Amazon might have been on a spending spree in India to further strengthen its businesses in the country, but local rivals are not giving up their chances to catch up in one of the world’s largest and fastest-growing retail markets.
Earlier this month, Indian conglomerate Reliance Industries announced the group’s plans to launch a new e-commerce venture, which is expected to disrupt the Indian retail market the way its predecessor Reliance Jio did to India’s telecom landscape. And the plan is seemingly coming into sight.
According to local media report citing people who’re privy to the matter, the soft launch of the new venture will happen in October coinciding with India’s most venerated festival of lights, Diwali. The full-fledged launch is expected around December 2019 or next year in January.
Reliance Retail (RR), the retail arm of Reliance Industries, is India’s largest retailer by revenue and its network is still growing by leaps and bounds. Its FY2019 revenues stood at 18 billion US dollars, with over 10,000 outlets spreading across 6,700 Indian cities and towns.
The traditional retailer’s revenues have primarily come from tier 2, 3, and 4 towns, which would be the main target for its new commerce business too. According to market research company IBEF, the Indian e-commerce market is expected to grow to USD 200 billion by 2026.
The business model of RR’s new commerce offshoot in one of the world’s fastest-growing economies will be a mix of the online and offline formats. A consumer who searches for an item online could, later on, could acquire the same from a brick-and-mortar store. Chinese e-commerce powerhouse Alibaba has been experimenting with this combination of online and offline retailing business through a series of acquisitions of local supermarket chains, for instance.

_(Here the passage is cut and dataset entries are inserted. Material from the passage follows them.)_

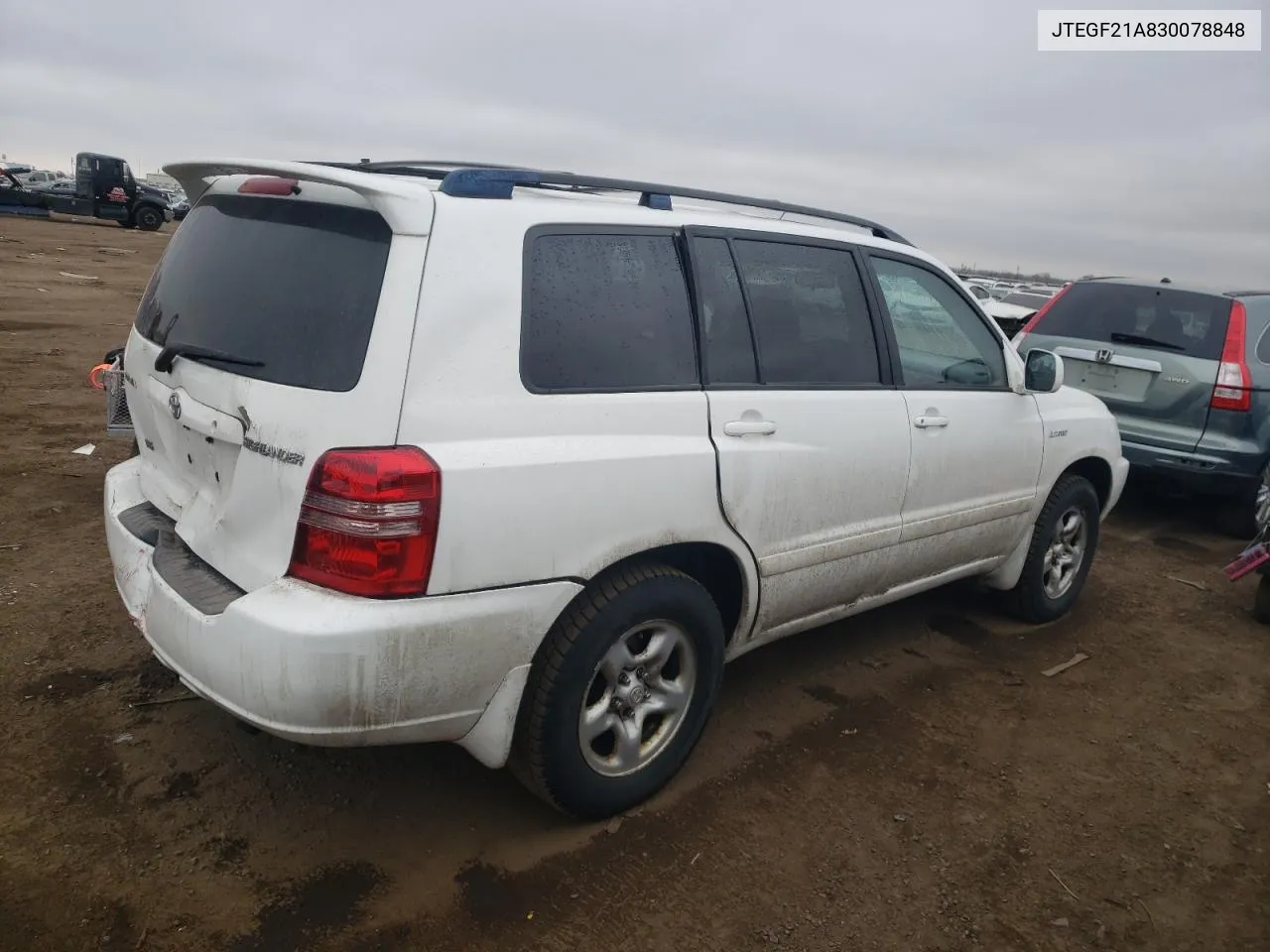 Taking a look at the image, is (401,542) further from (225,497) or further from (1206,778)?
(1206,778)

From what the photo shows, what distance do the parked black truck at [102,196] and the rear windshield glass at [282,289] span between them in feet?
115

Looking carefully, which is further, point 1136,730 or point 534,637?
point 1136,730

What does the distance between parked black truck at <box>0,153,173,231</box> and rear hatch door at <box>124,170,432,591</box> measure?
35.1 meters

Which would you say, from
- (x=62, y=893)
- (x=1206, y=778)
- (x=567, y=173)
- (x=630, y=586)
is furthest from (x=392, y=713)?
(x=1206, y=778)

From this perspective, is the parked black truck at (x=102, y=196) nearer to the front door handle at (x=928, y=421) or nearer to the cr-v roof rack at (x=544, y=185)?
the cr-v roof rack at (x=544, y=185)

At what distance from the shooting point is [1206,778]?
3.33m

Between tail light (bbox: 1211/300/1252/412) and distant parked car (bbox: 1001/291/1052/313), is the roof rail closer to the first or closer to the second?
tail light (bbox: 1211/300/1252/412)

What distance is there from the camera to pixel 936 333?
3844 millimetres

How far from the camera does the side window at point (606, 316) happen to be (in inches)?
97.5

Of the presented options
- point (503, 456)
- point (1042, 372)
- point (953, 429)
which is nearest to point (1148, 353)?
point (1042, 372)

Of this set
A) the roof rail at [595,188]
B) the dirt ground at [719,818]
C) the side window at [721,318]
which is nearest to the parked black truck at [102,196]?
the dirt ground at [719,818]

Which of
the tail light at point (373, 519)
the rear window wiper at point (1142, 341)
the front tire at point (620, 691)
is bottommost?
the front tire at point (620, 691)

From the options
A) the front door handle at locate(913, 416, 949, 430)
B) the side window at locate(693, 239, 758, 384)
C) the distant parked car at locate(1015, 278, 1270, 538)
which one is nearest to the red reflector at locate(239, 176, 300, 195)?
the side window at locate(693, 239, 758, 384)

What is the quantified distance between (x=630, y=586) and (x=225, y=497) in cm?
109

When it comes to e-commerce, Reliance will have the ‘purely homegrown’ advantage by stocking its inventory across 30 million mom-and-pop stores, known as kiranaor or neighborhood stores in India, which will lead to the save on costs through the consolidation of those shops. RR is seeking to maximize the opportunity from India’s unorganized retail market, accounting for 90% of India’s retail industry worth a whopping USD 700 billion.
Distributors are also being hired to sell private label brands through those kiranastores. Reliance Industries’ 5100 Jio stores will be roped in to double up as the point of sales stores to deliver products as well.
Another edge Reliance will be enjoying, is that it will be able to offer products or services at lower prices than the foreign-funded Amazon and Flipkart, its arch rivals, as they are barred from controlling inventory under foreign direct investment (FDI) rules. Whereas Reliance can control its entire supply chain and inventory of products, devoid of regulation, which will be its other advantage. The product mix is essentially household staples. In addition, Reliance is now withdrawing its lifestyle products including apparel and footwear sold through Amazon and Flipkart.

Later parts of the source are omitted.